[PROBLEM DETAILS]: Each entry must be printed again without a single change.

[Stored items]
BEGIN

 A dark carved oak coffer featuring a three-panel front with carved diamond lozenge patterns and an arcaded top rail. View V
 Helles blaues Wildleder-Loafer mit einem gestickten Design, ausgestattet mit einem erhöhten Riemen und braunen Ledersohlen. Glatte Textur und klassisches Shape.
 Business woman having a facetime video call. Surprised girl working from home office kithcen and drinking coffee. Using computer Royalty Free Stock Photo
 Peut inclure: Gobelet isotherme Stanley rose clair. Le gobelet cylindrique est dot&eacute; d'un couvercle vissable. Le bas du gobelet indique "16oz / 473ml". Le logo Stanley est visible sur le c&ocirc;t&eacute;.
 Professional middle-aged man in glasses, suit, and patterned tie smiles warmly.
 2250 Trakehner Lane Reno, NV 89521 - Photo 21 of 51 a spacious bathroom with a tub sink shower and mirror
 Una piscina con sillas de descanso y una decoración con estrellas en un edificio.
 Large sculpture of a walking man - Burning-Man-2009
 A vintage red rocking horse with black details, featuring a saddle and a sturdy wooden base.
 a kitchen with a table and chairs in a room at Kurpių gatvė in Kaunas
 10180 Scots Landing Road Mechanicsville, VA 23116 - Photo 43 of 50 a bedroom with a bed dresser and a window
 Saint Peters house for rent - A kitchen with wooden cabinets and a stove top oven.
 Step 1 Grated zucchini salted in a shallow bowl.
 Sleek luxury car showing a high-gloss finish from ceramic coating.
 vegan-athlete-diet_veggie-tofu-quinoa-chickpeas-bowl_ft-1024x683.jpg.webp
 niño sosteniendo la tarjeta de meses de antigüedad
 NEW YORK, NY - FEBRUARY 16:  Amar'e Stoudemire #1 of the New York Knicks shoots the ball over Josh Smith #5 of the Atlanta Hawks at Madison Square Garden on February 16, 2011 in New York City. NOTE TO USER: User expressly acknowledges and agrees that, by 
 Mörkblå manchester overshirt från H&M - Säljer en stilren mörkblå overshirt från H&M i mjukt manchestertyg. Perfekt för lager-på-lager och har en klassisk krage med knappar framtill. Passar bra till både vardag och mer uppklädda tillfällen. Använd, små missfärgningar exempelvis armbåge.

END

[SOLVED EXERCISE]:
 A dark carved oak coffer featuring a three-panel front with carved diamond lozenge patterns and an arcaded top rail. View V
 Helles blaues Wildleder-Loafer mit einem gestickten Design, ausgestattet mit einem erhöhten Riemen und braunen Ledersohlen. Glatte Textur und klassisches Shape.
 Business woman having a facetime video call. Surprised girl working from home office kithcen and drinking coffee. Using computer Royalty Free Stock Photo
 Peut inclure: Gobelet isotherme Stanley rose clair. Le gobelet cylindrique est dot&eacute; d'un couvercle vissable. Le bas du gobelet indique "16oz / 473ml". Le logo Stanley est visible sur le c&ocirc;t&eacute;.
 Professional middle-aged man in glasses, suit, and patterned tie smiles warmly.
 2250 Trakehner Lane Reno, NV 89521 - Photo 21 of 51 a spacious bathroom with a tub sink shower and mirror
 Una piscina con sillas de descanso y una decoración con estrellas en un edificio.
 Large sculpture of a walking man - Burning-Man-2009
 A vintage red rocking horse with black details, featuring a saddle and a sturdy wooden base.
 a kitchen with a table and chairs in a room at Kurpių gatvė in Kaunas
 10180 Scots Landing Road Mechanicsville, VA 23116 - Photo 43 of 50 a bedroom with a bed dresser and a window
 Saint Peters house for rent - A kitchen with wooden cabinets and a stove top oven.
 Step 1 Grated zucchini salted in a shallow bowl.
 Sleek luxury car showing a high-gloss finish from ceramic coating.
 vegan-athlete-diet_veggie-tofu-quinoa-chickpeas-bowl_ft-1024x683.jpg.webp
 niño sosteniendo la tarjeta de meses de antigüedad
 NEW YORK, NY - FEBRUARY 16:  Amar'e Stoudemire #1 of the New York Knicks shoots the ball over Josh Smith #5 of the Atlanta Hawks at Madison Square Garden on February 16, 2011 in New York City. NOTE TO USER: User expressly acknowledges and agrees that, by 
 Mörkblå manchester overshirt från H&M - Säljer en stilren mörkblå overshirt från H&M i mjukt manchestertyg. Perfekt för lager-på-lager och har en klassisk krage med knappar framtill. Passar bra till både vardag och mer uppklädda tillfällen. Använd, små missfärgningar exempelvis armbåge.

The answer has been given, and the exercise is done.